İstifaların nedenleri arasında yoğun mesai ve hasta yakınları tarafından başvurulan şiddet geliyor. Sadece geçtiğimiz yıl şiddete uğradığı için şikayetçi olan sağlık çalışanı sayısı on üç bin. Bunlara maaşlardaki düşüş de eklendiğinde kim tutar Türk hekimlerini.
Bu problem karşısında hükümetin aldığı önlem ise hiçbir derde deva olmayacak cinsten; Hekim emeğini ucuzlatmak için yabancı hekim istihdamı. Sağlık Bakanlığının verilerine göre geçtiğimiz yılda aile hekimliklerinde sözleşme imzalayan her on doktordan yedisi yabancı uyruklu ve bu doktorlar kadrolu doktorlara göre daha düşük ücret alıyorlar.
The New York Times yazarı Carlotta Gall birkaç gün önce köşesinde Türkiye’deki doktorların durumuna ve yaşanan beyin göçüne (brain drain) dikkat çekti. Dile getirdiği olaylar ise insana “Nasıl olur?” dedirten türden. Uzun süren mesai ve nöbetten sonra trafik kazasında hayatını kaybeden genç bir doktor, bir hasta yakınının karnından ve elinden bıçakladığı başka bir doktor ve karnına tekme atılan genç bir hemşire çarpıcı örneklerden sadece birkaçı.
İngiliz gazeteciye göre Erdoğan’ın büyük umutlarla hayata geçirdiği sağlıkta dönüşüm programı ve hekimlerin düştüğü çıkmaz maalesef birbiriyle çelişiyor. Şiddetin gizli faili ise hükümetin öve öve bitiremediği “performans sistemi”. Gün içinde olabildiğince çok hasta bakmaları istenen doktorlar muayeneyi hızlı bir şekilde tamamlamak zorunda kalıyorlar. Her hastaneye erişim imkânı olduğunu gören halk önce memnun oluyor ancak beş dakikaya kadar düşen muayene süreleri ve doktorların hastalarına yeterince zaman ayıramamaları özellikle hasta yakınlarında gerginliğe yol açıyor.

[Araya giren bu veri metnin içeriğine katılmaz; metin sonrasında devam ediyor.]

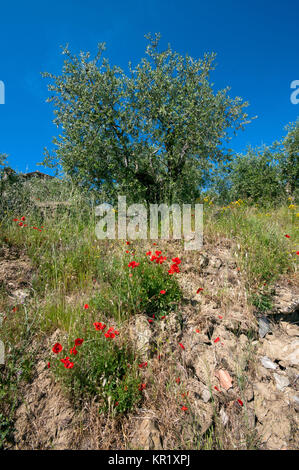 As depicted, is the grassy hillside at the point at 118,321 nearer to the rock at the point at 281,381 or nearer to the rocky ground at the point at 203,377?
the rocky ground at the point at 203,377

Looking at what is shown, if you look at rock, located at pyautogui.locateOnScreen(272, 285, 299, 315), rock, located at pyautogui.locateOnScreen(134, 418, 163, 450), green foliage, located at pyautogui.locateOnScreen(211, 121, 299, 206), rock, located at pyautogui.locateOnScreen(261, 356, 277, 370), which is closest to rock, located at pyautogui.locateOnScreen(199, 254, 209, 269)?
rock, located at pyautogui.locateOnScreen(272, 285, 299, 315)

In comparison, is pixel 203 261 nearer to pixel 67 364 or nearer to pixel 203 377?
pixel 203 377

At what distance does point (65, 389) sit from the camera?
5.97 ft

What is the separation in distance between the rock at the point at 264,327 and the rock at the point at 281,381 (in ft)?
1.59

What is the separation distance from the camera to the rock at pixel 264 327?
2750 millimetres

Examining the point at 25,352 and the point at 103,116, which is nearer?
the point at 25,352

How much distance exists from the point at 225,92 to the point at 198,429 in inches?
433

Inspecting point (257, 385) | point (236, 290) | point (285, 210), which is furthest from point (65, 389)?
point (285, 210)

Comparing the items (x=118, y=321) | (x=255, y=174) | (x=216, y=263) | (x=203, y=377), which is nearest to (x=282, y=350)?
(x=203, y=377)

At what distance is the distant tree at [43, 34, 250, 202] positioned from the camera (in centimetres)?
795

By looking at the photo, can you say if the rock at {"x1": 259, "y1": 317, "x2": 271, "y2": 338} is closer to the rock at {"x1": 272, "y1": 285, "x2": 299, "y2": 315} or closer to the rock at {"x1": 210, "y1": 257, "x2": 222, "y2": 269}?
the rock at {"x1": 272, "y1": 285, "x2": 299, "y2": 315}

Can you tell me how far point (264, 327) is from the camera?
279cm

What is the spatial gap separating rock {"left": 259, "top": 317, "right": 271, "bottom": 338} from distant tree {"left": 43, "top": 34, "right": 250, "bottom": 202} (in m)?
5.51

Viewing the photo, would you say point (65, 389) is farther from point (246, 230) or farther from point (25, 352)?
point (246, 230) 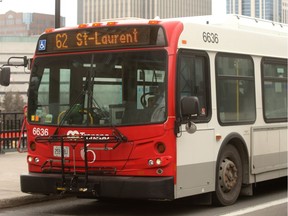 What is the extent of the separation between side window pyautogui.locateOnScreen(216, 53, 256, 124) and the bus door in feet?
1.20

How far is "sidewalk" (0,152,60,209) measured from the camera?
988 cm

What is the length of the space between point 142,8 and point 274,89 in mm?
20869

Son yıllarda yurtdışına giden doktorların azımsanmayacak bir kısmını ise kırk yaş üstü hekimler oluşturuyor. Onların sıraladıkları nedenlerden biri de kariyerlerine ek olarak çocuklarının gelecekleri. Yıllarca doktorluk yapmış olsalar da maalesef yarınlara umutla bakamıyorlar.

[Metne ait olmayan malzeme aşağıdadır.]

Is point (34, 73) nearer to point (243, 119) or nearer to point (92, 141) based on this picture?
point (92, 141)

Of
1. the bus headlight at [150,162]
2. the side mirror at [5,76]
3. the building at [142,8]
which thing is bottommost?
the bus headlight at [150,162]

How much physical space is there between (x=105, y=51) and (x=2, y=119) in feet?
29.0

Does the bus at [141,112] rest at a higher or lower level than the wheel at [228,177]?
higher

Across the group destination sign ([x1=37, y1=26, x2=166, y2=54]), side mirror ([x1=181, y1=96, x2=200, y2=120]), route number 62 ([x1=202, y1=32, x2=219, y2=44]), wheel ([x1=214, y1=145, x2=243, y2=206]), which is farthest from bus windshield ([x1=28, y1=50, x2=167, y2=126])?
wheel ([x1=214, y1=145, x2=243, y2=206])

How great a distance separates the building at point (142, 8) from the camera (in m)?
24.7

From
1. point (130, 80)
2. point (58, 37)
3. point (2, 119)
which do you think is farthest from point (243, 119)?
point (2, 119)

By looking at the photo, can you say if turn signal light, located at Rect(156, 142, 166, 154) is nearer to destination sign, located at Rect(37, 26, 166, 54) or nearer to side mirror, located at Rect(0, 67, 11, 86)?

Geçtiğimiz günlerde Deutsche Welle (DW), Kamu Hastaneleri Hizmetleri Başkanlığı, hekimlerin günlük muayene edecekleri hasta sayısının yetmiş iki olacak şekilde planlanmasına dair kararını gündeme getirdi. Türk Tabipleri Birliğinin (TTB) bu talimata dair yorumu ise “Emir komuta ile tedavi olmaz” şeklindeydi.
Araştırmalara göre Almanya’da bir doktorun bir hafta içerisinde gördüğü hasta sayısı Türkiye’deki bir doktorun günlük hasta sayısına eşit. DW’ye konuşan bir doktorun anlattıkları ise trajikomik bir fıkra gibi. Alman meslektaşları “Türkiye’de günde kaç hasta muayene ediyordun?” diye sorduklarında genç doktor “Bazen beş yüzü buluyor” diye cevaplamış. Bunu duyan Almanlar, Almancası pek de iyi olmayan genç doktora “Galiba beş yüz ile elliyi karıştırıyorsun!” diye çıkışmışlar. Maalesef genç hekimin hesabında bir hata yokmuş. Bu anekdot Türkiye’deki sağlık sisteminin, hekimlerin yaşadıklarının ve beyin göçünün nedenlerinin kısa bir özeti niteliğinde.

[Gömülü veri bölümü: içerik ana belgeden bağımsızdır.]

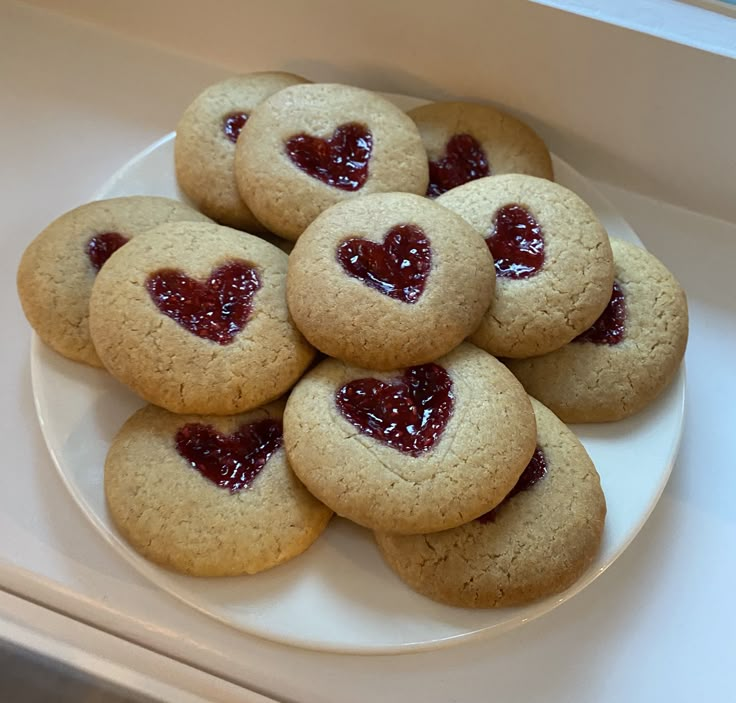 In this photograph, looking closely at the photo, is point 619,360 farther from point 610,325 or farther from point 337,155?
point 337,155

Human Rights Watch’un raporuna göre hükümetten farklı düşünen doktorlar halk arasında endişe, korku ve panik yaratmaktan tutun da terör örgütünün propagandasını yapmaya kadar ciddi suçlamalara maruz kalıyorlar.
Atatürk’ün ‘Beni Türk hekimlerine emanet ediniz’ sözünü gerçekten söyleyip söylemediği tartışıladursun, gerçekten gelecekte sağlığımızı emanet edeceğimiz hekim bulup bulamayacağımız sorusu akıllara gelmiyor değil.